The US$3.7-billion pipeline was expected to begin delivering oil later this year. Without it, the paper predicts, additional oil from the North Dakota Bakken fields will have to be shipped through already clogged pipelines or by rail, which is more expensive. A lack of storage in North Dakota, however, means the oil must be moved.
“That’s a problem for shippers, who have already started buying oil which they expected to move via the Dakota Access pipeline,” the outlet reports. As a result, it forecasts, “shippers may choose to sell their oil at a loss rather than take the financial hit of moving it by rail or using existing pipelines to get the oil to the storage hub in Oklahoma. In the process, oil producers will feel the pinch.”
“What’s not yet obvious,” comments Politico’s Morning Energy blog, “is whether the industry has altered the political strategy that failed on Keystone, which saw oil and gas companies taking their case to Congress even as the Obama administration saw less and less political downside to killing the project.”
While the government’s decision has dismayed oil producers and shippers, it has provided Indigenous activists across North America with their most empowering symbolic rallying point in years.
“What’s happening at Standing Rock is extraordinary and possibly transformative for native rights, Sioux history, and the intersection of the climate movement with Indigenous communities,” historian and activist Rebecca Solnit wrote in a lengthy report for The Guardian after spending two days among 1,000 Indigenous and other pipeline resisters camped at the Standing Rock site.
The influence of the moment is being felt in Canada, as well, where First Nations chiefs say they have reached out to the Sioux resistance leaders as potential allies in a proposed continental treaty among Indigenous nations that would commit its signatories to mutual assistance in opposition to fossil energy infrastructure, the National Observer reports.

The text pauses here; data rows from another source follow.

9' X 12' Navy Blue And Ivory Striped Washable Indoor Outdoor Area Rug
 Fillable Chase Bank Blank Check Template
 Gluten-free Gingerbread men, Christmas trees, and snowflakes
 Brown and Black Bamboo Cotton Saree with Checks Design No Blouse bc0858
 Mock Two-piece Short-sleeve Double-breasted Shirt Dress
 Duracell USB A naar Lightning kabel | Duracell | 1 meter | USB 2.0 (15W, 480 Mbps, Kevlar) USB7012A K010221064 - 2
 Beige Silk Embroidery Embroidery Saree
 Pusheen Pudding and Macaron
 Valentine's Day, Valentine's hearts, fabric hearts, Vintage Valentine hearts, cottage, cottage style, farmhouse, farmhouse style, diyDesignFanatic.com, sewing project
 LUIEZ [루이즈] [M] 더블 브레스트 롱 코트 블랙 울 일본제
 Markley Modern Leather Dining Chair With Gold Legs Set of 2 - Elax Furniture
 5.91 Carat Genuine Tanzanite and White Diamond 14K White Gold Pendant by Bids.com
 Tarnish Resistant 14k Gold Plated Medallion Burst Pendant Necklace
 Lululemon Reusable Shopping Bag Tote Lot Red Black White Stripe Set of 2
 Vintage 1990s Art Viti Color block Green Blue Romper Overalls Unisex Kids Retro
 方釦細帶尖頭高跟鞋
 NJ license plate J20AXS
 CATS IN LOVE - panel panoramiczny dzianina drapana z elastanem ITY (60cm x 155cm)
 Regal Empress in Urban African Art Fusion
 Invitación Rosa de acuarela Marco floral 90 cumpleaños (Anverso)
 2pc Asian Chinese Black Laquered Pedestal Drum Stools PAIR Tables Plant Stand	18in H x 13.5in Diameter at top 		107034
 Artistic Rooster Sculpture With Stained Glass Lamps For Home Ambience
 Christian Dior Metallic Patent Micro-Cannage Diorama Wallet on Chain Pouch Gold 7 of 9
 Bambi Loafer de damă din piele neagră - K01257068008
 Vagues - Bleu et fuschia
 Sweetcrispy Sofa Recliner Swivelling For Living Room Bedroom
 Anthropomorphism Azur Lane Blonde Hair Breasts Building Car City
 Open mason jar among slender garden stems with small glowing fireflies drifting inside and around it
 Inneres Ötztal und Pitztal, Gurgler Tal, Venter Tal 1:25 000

Serge Simon, Grand Chief of the Kanesatake Mohawks, said he and other Mohawk chiefs will travel to North Dakota next week to “bring the [proposed resistance] treaty to them and see if they’re willing to be supporters, and at the same time, we’ll be able to help them,” the Observer reports.
“It’s inspiring,” Simon told the outlet, “because it’s not only a native issue. We’re seeing non-natives that are joining on board across the United States, Europe—we’re seeing a mobilization of humanity, not just the First Nations.”